Office, retail and industrial market 

“The office market here is following the trends seen in Australia in particular,” Huggins says. 

“The volume of office transactions is focused on the good quality stock and revolve around new ways of working to suit the work-life balance trend. 

“Companies are resizing and looking for efficiencies, utilising shared spaces and tenancy movement continues at a reasonable pace.

“However, investments in offices are beginning to slow with the level of business confidence being estimated as the lowest in 50 years having an impact. 

“The outlook is variable and probably too uncertain for us to estimate yields as we navigate through the inflationary pressures and reserve bank reaction.”

▲ Office blocks in Wellington: the office sector has mirrored the Australian experience of the past few years.

The industrial market has been performing strongly with stock now at a premium.

“There is a low supply of new high-quality industrial developments,” Huggins says. 

“The main challenge has been finding suitable options to offer at reasonable terms, especially in leasing. 

“Leasing yields are increasing due to shortages and high demands, and as a reaction to the pending inflationary costs. 

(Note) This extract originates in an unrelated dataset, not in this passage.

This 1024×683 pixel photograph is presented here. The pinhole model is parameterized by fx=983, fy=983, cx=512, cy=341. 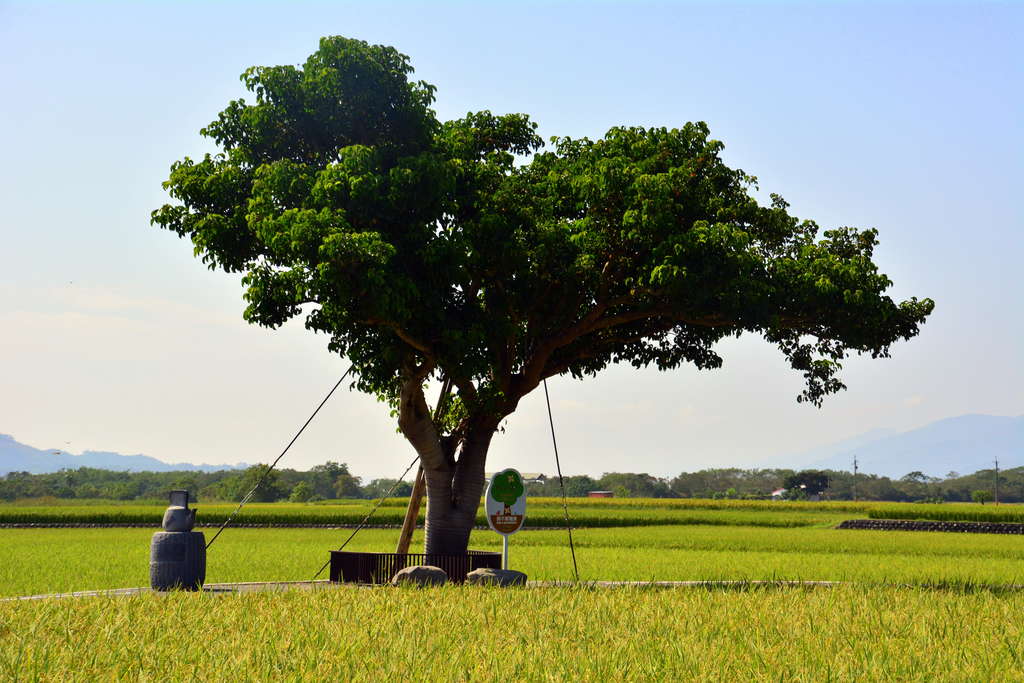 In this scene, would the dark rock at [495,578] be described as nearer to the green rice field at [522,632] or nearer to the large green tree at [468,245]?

“Furthermore, some landlords have provided concessions through Covid to tenants and now are making adjustments to pricing. 

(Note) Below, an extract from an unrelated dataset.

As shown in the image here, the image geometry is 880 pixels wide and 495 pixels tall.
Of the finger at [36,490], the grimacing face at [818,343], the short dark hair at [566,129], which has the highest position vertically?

“We probably expect that investment in industrial will continue with steady yields as demand is there. 

“Joint office/industrial space is very attractive and development areas are still an option here as you are likely to be able to get the right returns.”

The retail sector, which has been a relatively strong performer, is bound to be hit by the continued rise in inflation and interest rates. 

The pressure on retailers to continue to sell at high volumes as consumer spending reclines will come to a head in 2023. 

▲ Negative sentiment in the housing sector will flow through into retail.

“The retail market generally performed well over the past couple of years but 2023 will be a big test for the sector,” Bullick says. 

“Negative sentiment caused by declining house prices and less discretionary income availability will have a big impact on retail sales and in turn, non-discretionary retail centres. 

“Active asset managers will be ahead of this curve either repositioning or repurposing vacant space. 

“I still believe convenience retail—supermarket anchored—will perform well; however leases terms will dictate how well.”

Looking ahead

Most property analysts are predicting a better 2024 than 2023 as the government prioritises stifling inflation combined with interest rates peaking this year. 

It will be a difficult year to manage monetary policy, especially given the nation is due to go to the polls in October, with current prime minister Jacinta Adern last week indicating she will stand down next month, but there is light at the end of the tunnel.

“While household budgets are under pressure and consumption is forecast to moderate in 2023, corporate balance sheets remain strong,” Moricz says.

“Firms have generally built-up cash reserves during the past two years and many larger corporations also took advantage of low rates and the quantitative easing during the pandemic to refinance their debt and lengthen its maturity.

“This will delay the speed at which higher market interest rates are reflected in debt service burdens.”